‘Yes’ campaign secures narrow win in referendum to amend Turkey’s constitution and give more power to the presidency.
Istanbul, Turkey – President Recep Tayyip Erdogan has welcomed the “Yes” vote in the referendum to amend Turkey’s constitution and grant the country’s presidential office new executive powers.
“We have been attacked by other nations of the world. You have seen how the West attacked us,” Erdogan told cheering supporters in Istanbul on Sunday.
“We have not been divided … We have already been on our way, now we will gear it up [with the new system],” he said. “We have so much work to do in this country.”
The constitutional changes were backed by Erdogan, the Justice and Development Party (AK Party) founded by him, and the leadership of the Nationalist Action Party (MHP), whose parliamentary support was vital to take the amendments to a public vote.
Speaking before Erdogan, Prime Minister Binali Yildirim thanked the Turkish people for their decision to back the constitutional amendments.
“We are all brothers and sisters in a single body standing against traitors,” Yildirim said, speaking at the headquarters of his governing AK Party in Ankara.
“Thank you Turkey, thank you my holy nation … The nation said the last word and said ‘Yes’,” he said.
The “Yes” campaign won with 51.4 percent of the vote with 100 percent of ballots counted, according to the unofficial results.
The main opposition Republican People’s Party (CHP) demanded a recount, citing voting irregularities.
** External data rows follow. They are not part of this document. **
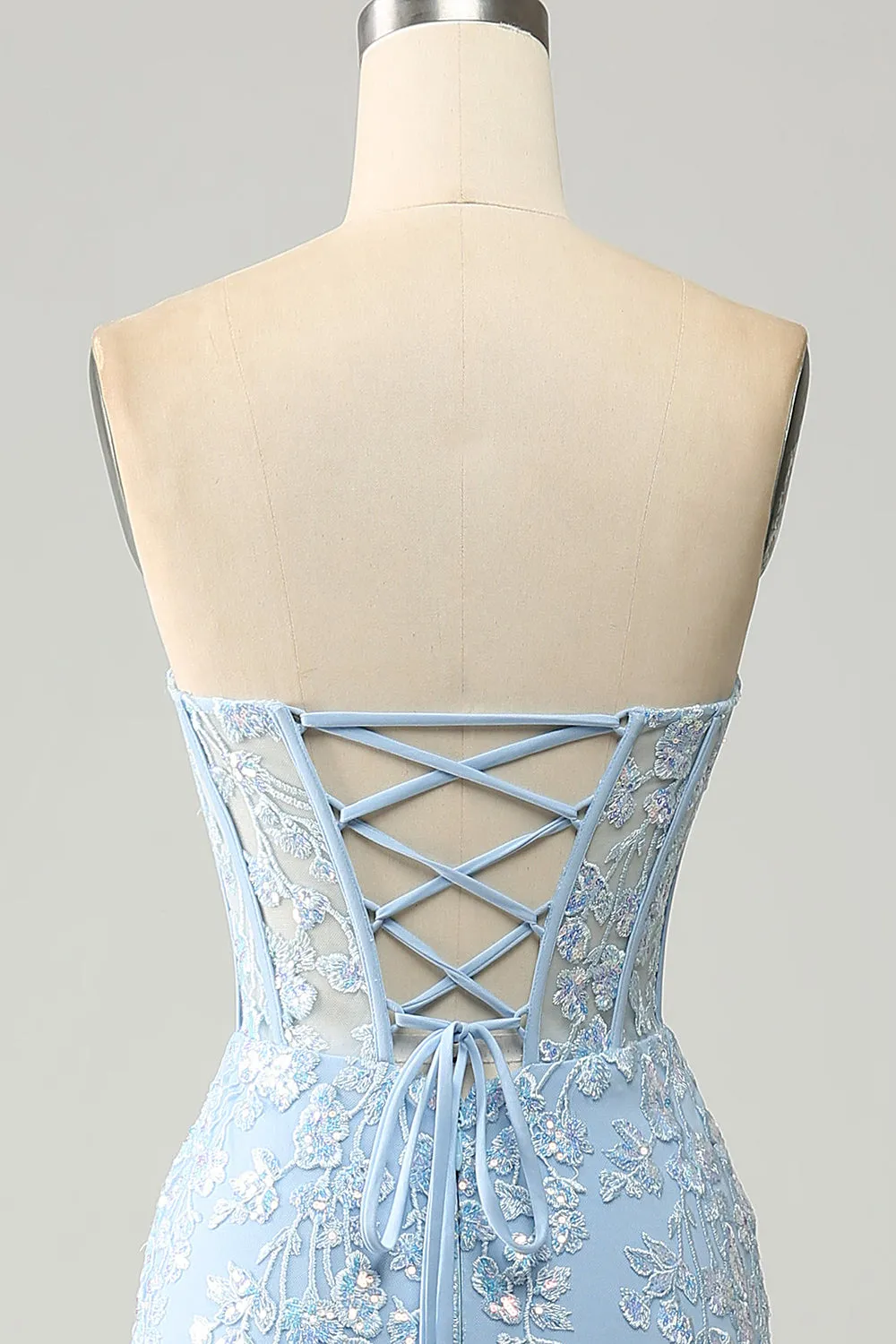 Light Blue Mermaid Sweetheart Corset Appliques Prom Dress With Side Slit sold by Zapaka product image thumbnail 5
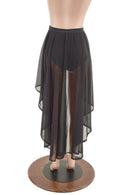 High Waist Siren Shorts with Attached Hi Lo Mesh Overskirt - Coquetry Clothing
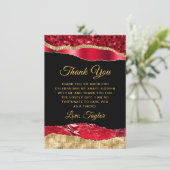 Red and Gold Glam Tars 16 . Geburtstag Dankeskarte (Stehend Vorderseite)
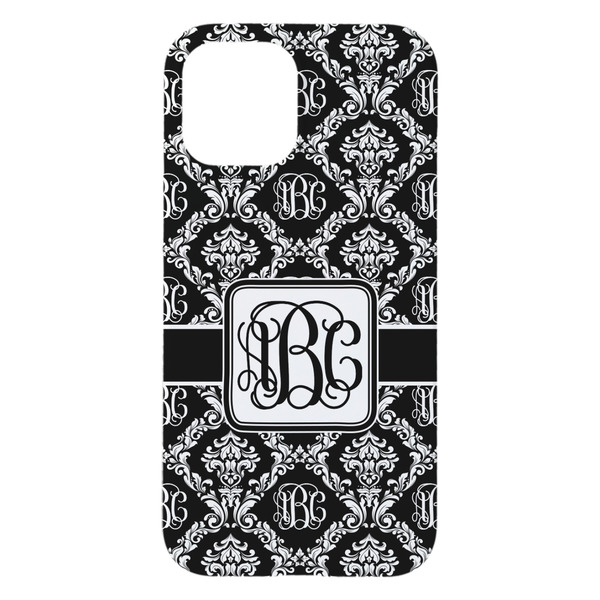 Monogrammed Damask iPhone 15 Plus Case - Back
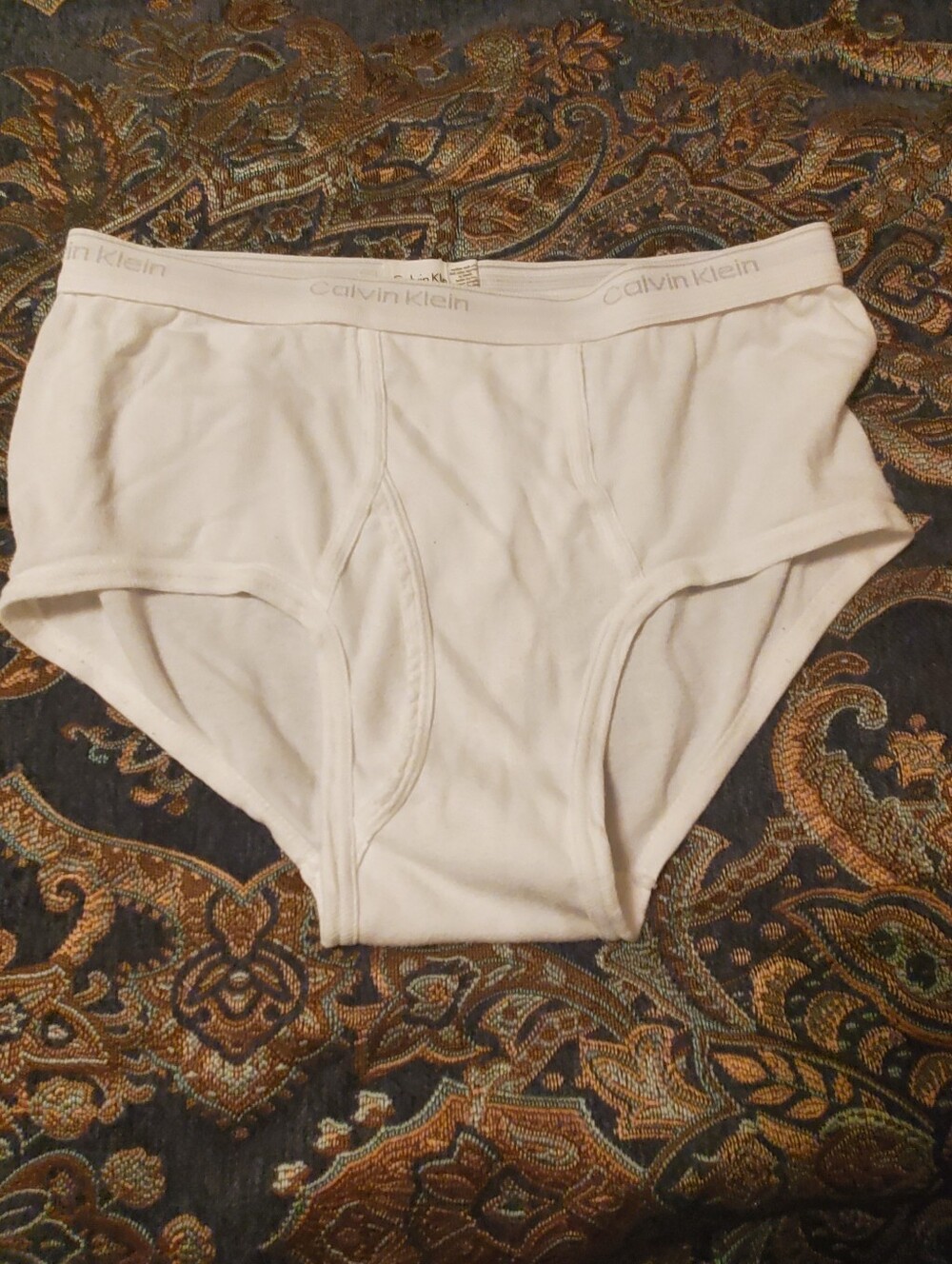 Calvin Klein White Men's Cotton Briefs - Classic Logo Waistband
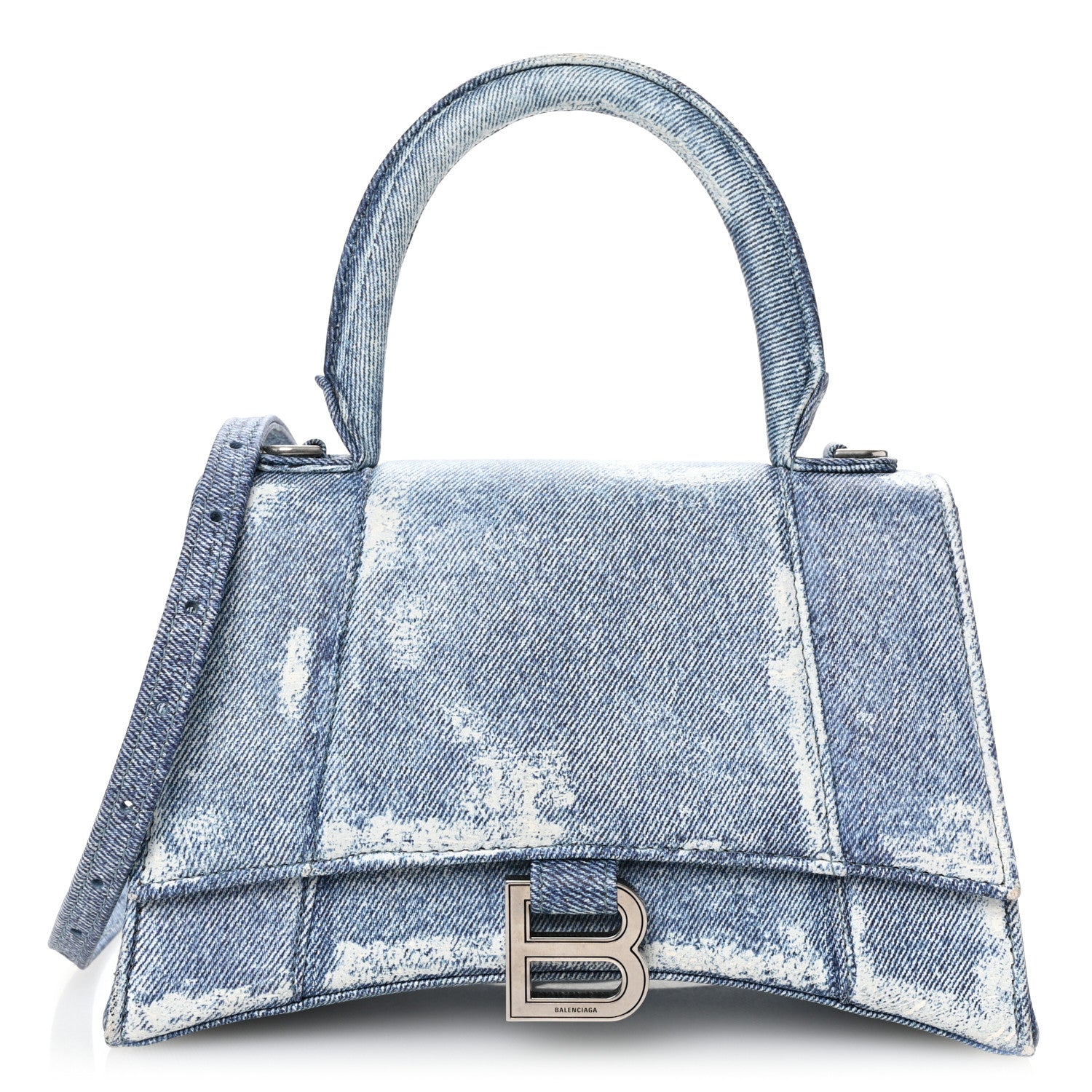 Balenciaga Nappa Denim Printed Small Hourglass Top Handle Bag Denim Blue 1 of 12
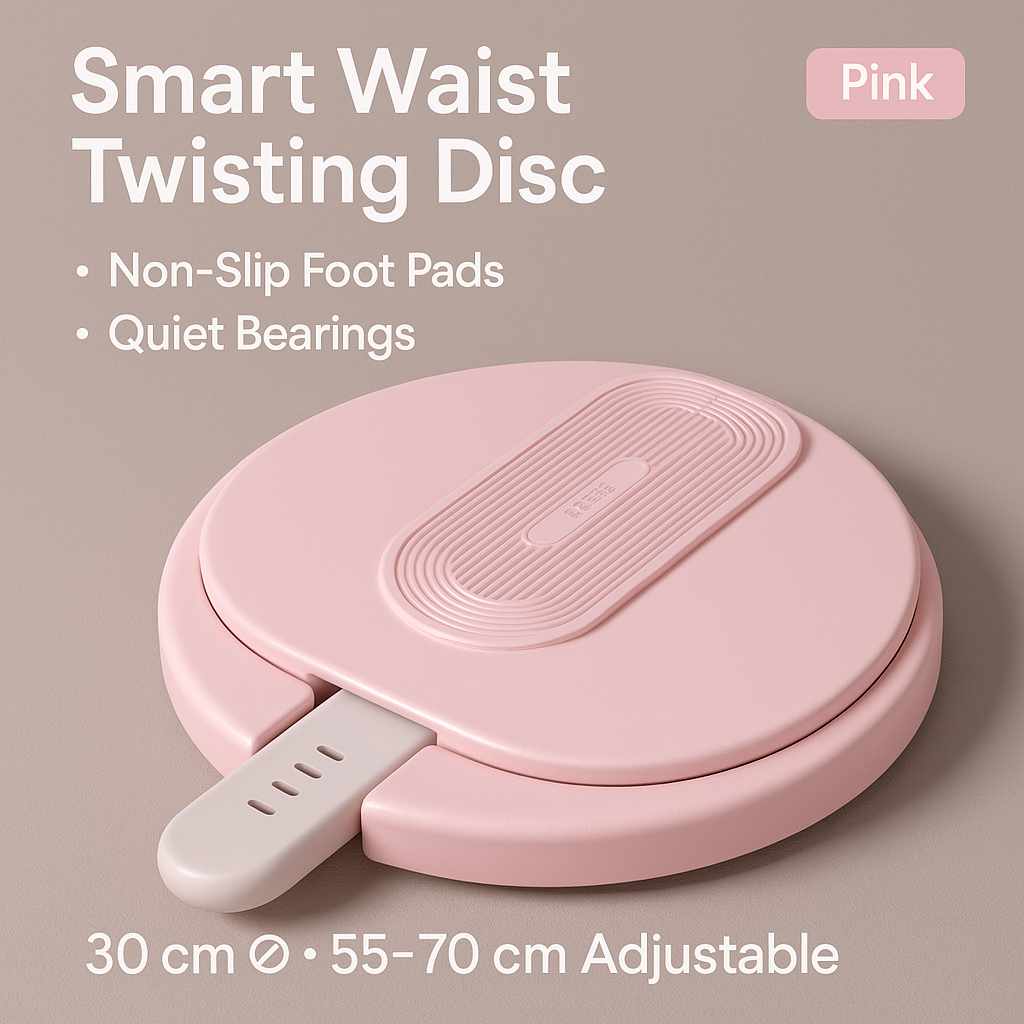 Pink smart waist twisting disc with text on a beige background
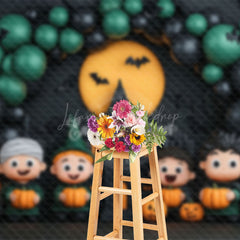 Lofaris Black Green Balloon Castle Pumpkin Halloween Backdrop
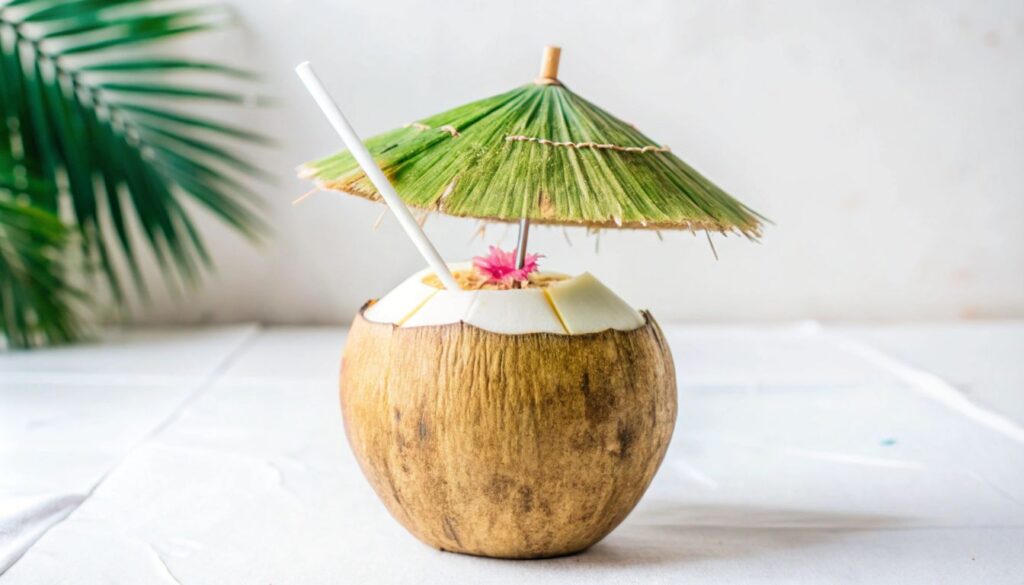 A fresh coconut with a straw and a decorative green umbrella, accented by a pink flower and a palm leaf in a tropical setting.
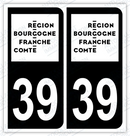 Auto - Autocollant immatriculation 39 – Bourgogne-Franche-Comté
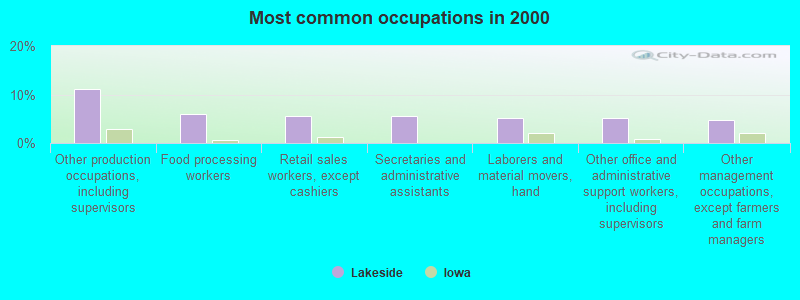 Most common occupations in 2000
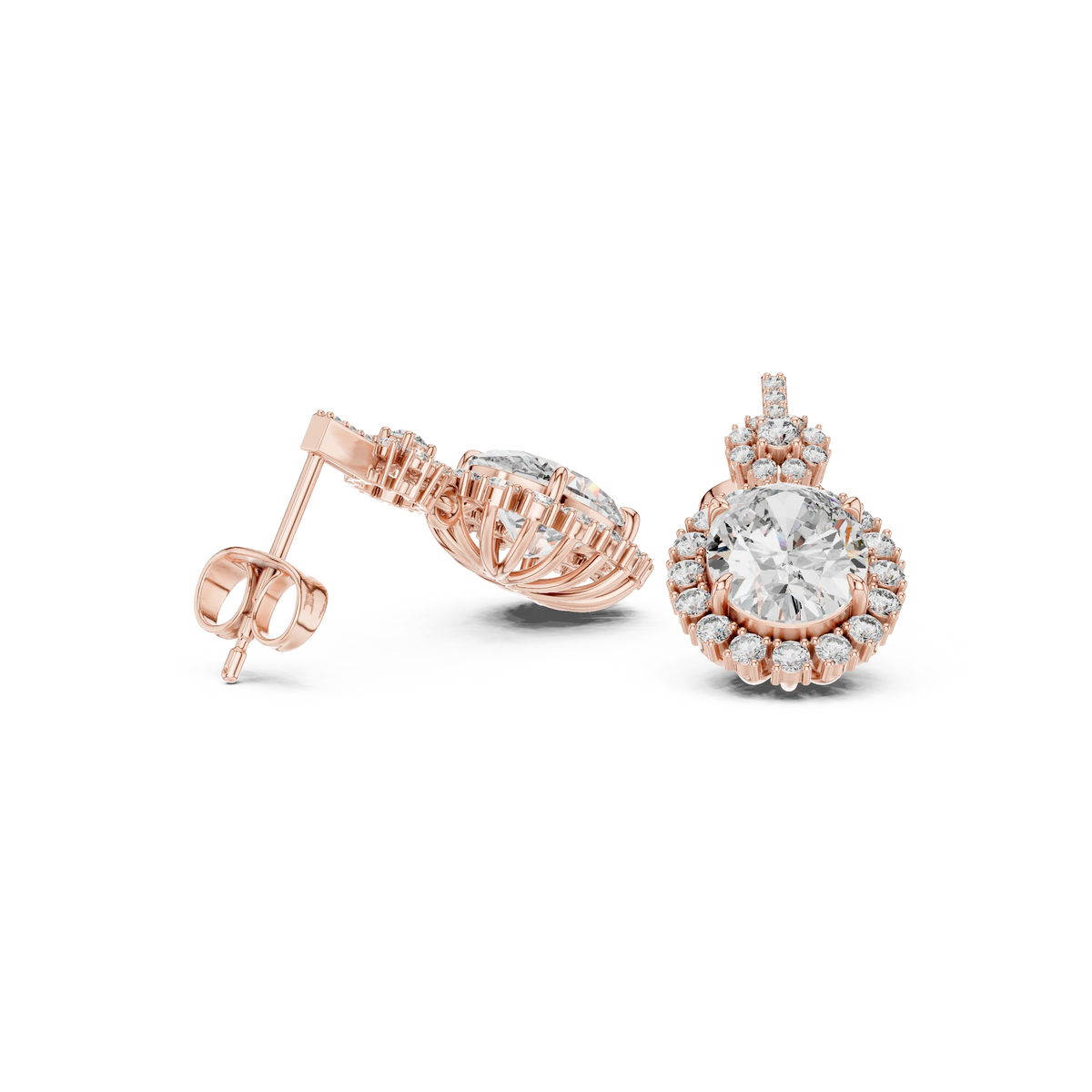Oval Halo Moissanite Drop Earrings with Flower Cluster Top in rose 925 sterling silver, view 1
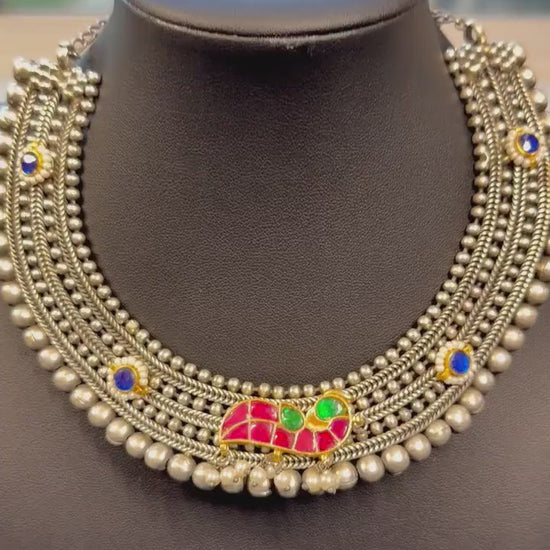 German silver necklace set with jadaus oxidized garba dandiya two tone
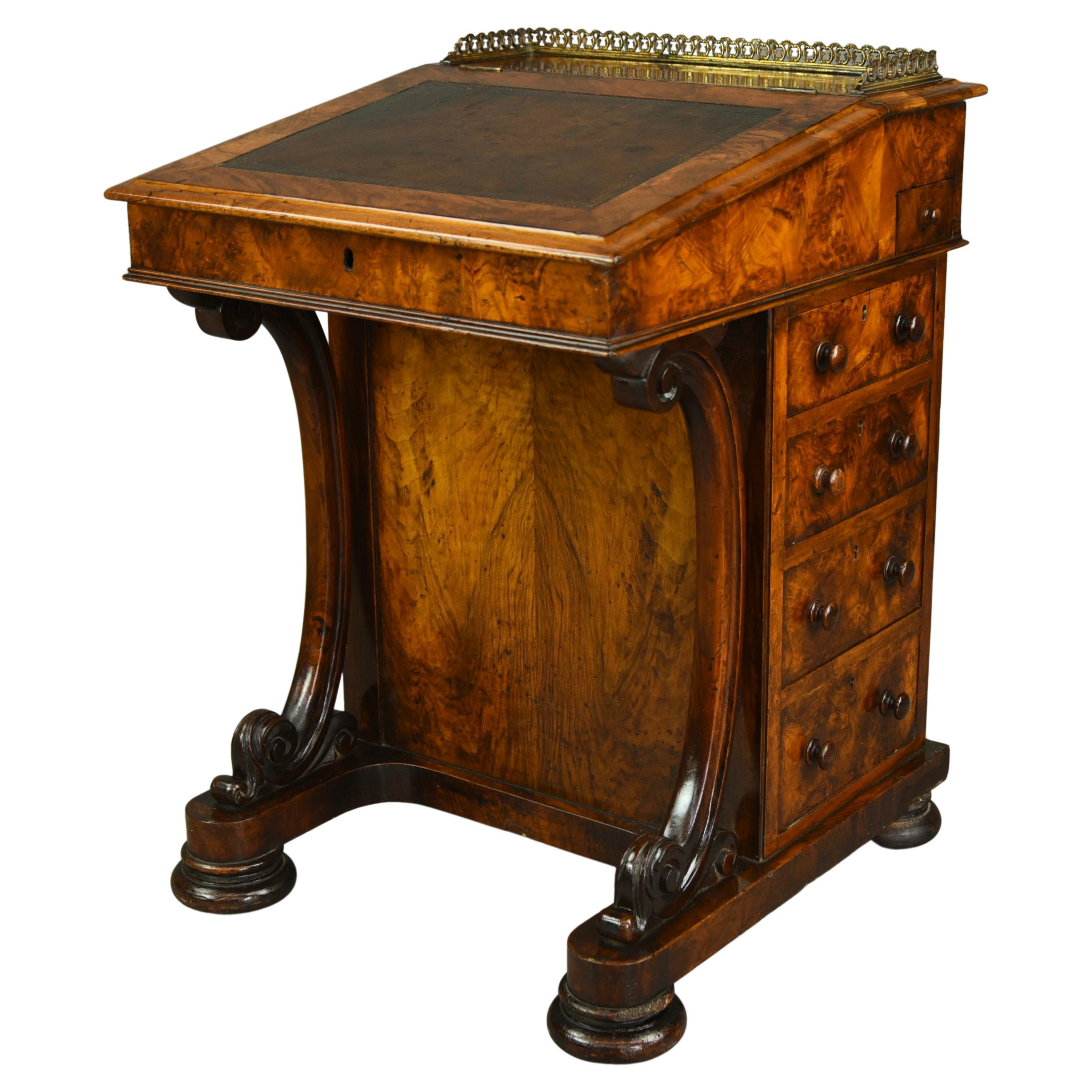 English Victorian Walnut Davenport Desk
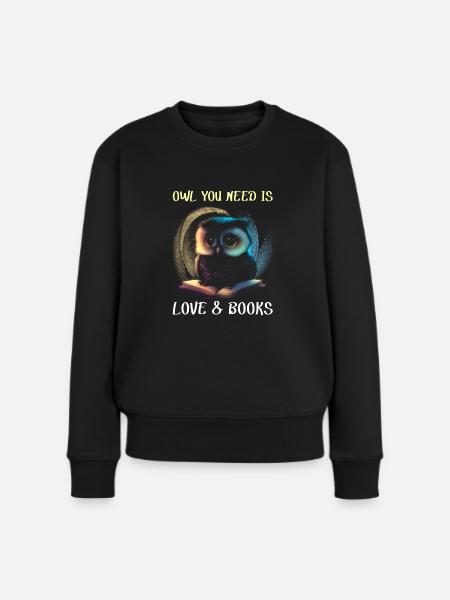Eule auf dem Buch - Frauen Premium Bio Pullover - Schwarz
There were demonstrations in various parts of Istanbul until morning challenging the referendum’s results.
The new constitutional changes transform Turkey’s governance from a parliamentary system to an executive presidency, significantly expanding the powers of the top office.
The result gives the president to be elected in 2019 new powers to appoint vice-presidents, ministers, high-level officials, and senior judges.
It will also allow the president to dissolve parliament, issue executive decrees, and impose states of emergency.
Speaking to Al Jazeera outside the AK Party headquarters in Istanbul, Erdal Erdinc Durucu, 37, said Erdogan has started a new age for Turkey, and ended another.
“Until today, our hands were tied. Our president has been trying to do many good things for us. But different powers tried to prevent him from doing so,” Durucu said.
“The recent coup attempt was the latest example of this. God willing, we beat this attempt like others … Turkey is ready to rule the world now. The Ottoman Empire is coming back.”
Another supporter, Yasemin Ozgen, a 43-year-old housewife, said: “Good days are coming. With this result, Turkey will break away from Europe as a strong power by itself. An independent Turkey will take its own decisions and will use its resources.”
There is growing negative sentiment against the European Union in Turkey as Ankara’s relations with the bloc, particularly member states Germany and the Netherlands, have been tense since last month. Those two nations barred Turkish ministers from holding referendum campaign rallies within their borders, where millions of Turkish voters live.
Turkey has been under a state of emergency since a group in the Turkish army tried to overthrow the government in a failed coup attempt in July 2016 that killed around 300 people in total.
In recent years, bomb attacks claimed by, or blamed on, Kurdish fighters’ groups and the Islamic State of Iraq and the Levant (ISIL, also known as ISIS) have killed hundreds of security forces and civilians.
Turkey’s presidency has traditionally been a largely neutral and ceremonial role, without many political responsibilities, as specified under the current constitution.
However, Erdogan has effectively transformed the office into a more politically active one since he became Turkey’s first president to be elected by popular vote in 2014, following prior constitutional changes passed in a similar referendum in 2010.
The main opposition CHP, the pro-Kurdish People’s Democracy Party and other critics argue that the amendments give too much power to one individual, undermining the separation of powers in the government.